I became productive after midnight, and this served me well when presentations needed work and I spent such a lot of time in the air between engagements. It was an advantage to not sleep much. When I knew an opponent had a normal sleeping life I saw it as a weakness, and ruthlessly pressed home my advantage by demanding early morning meetings in various locations around the country[1]. Gaining a seat on the board of Imperial Minerals can be completely attributed to tiring out my opponents, and what fun it all was at the time.

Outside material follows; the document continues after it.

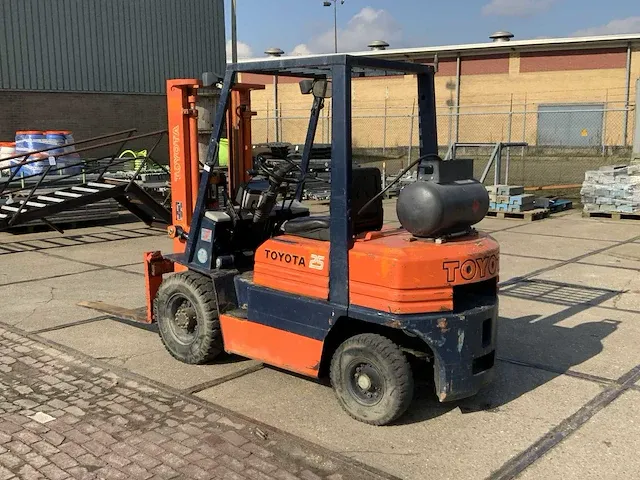 Toyota 25 vorkheftruck - afbeelding 17 van  22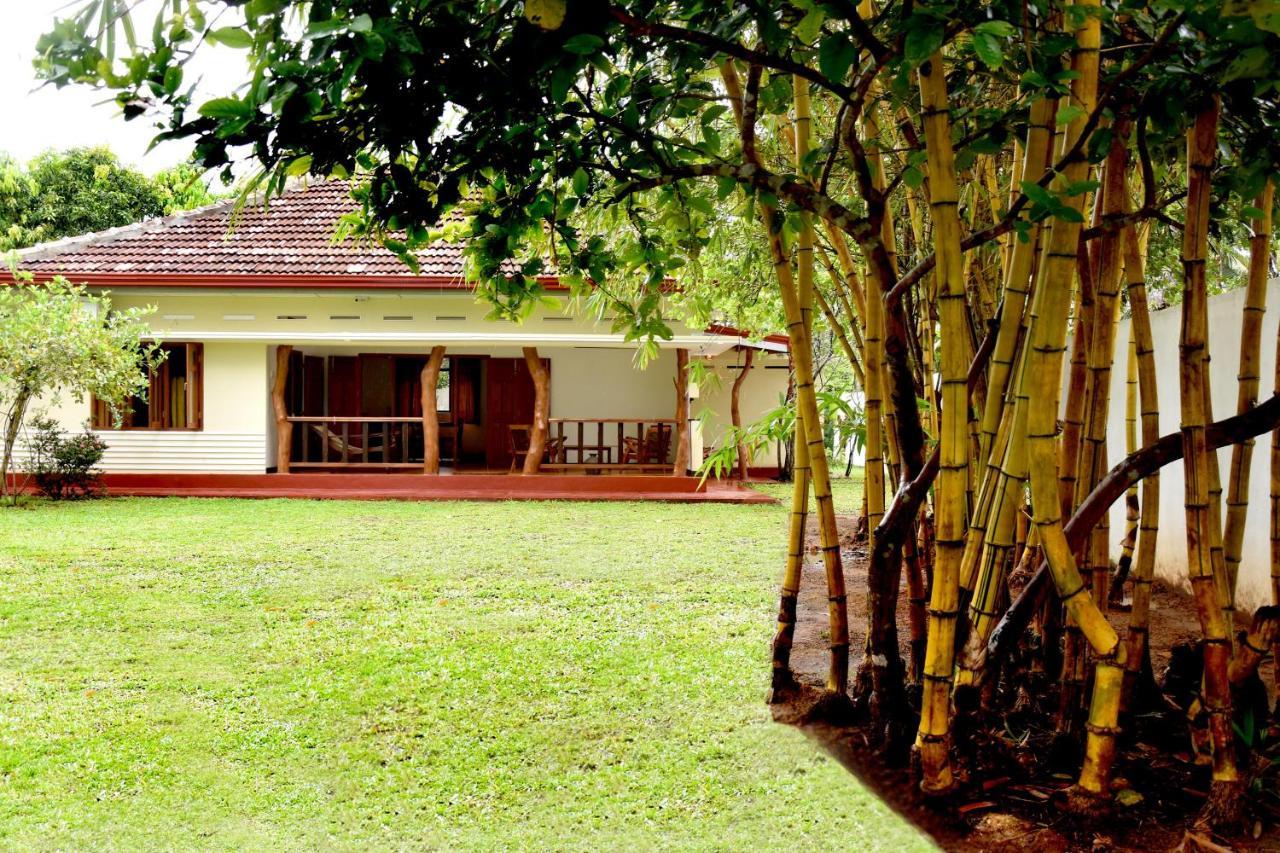 Villa Polhena Matara Bagian luar foto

Now, however, it’s not so much fun. Now I’m older. Now I need my sleep, and that should work out just fine, since I rarely travel for work and don’t have to work every day any more. But sleep still won’t come. At 3am most nights I have to slide out from under the plump down feather-filled duvet and leave the thousand thread count Egyptian cotton sheets behind, all cosy, warm and inviting, taking care not to wake Nancy, lying there invitingly in her inviting pink Peter Alexander silk pyjamas. I slide on my Urquhart tartan slippers, monogrammed GU, a present from her, and shuffle quietly away to my study.

When I get there I sink into my shiny green leather chair and wonder what to do next. It’s 3am. There’s nothing to do.

Eventually I go to my bookshelves and take down a volume: something to read until I begin to doze and it’s time to go back to bed. It’s always the same book: It Doesn’t Take a Hero, the autobiography of General Stormin’ Norman Schwarzkopf. I often fall asleep looking at pictures of the first Gulf War and wake up at my desk with a sore back.

[1] I would also spread vicious rumours about my opponents, or allow them to be spread. This has nothing to do with sleeping, but it is effective.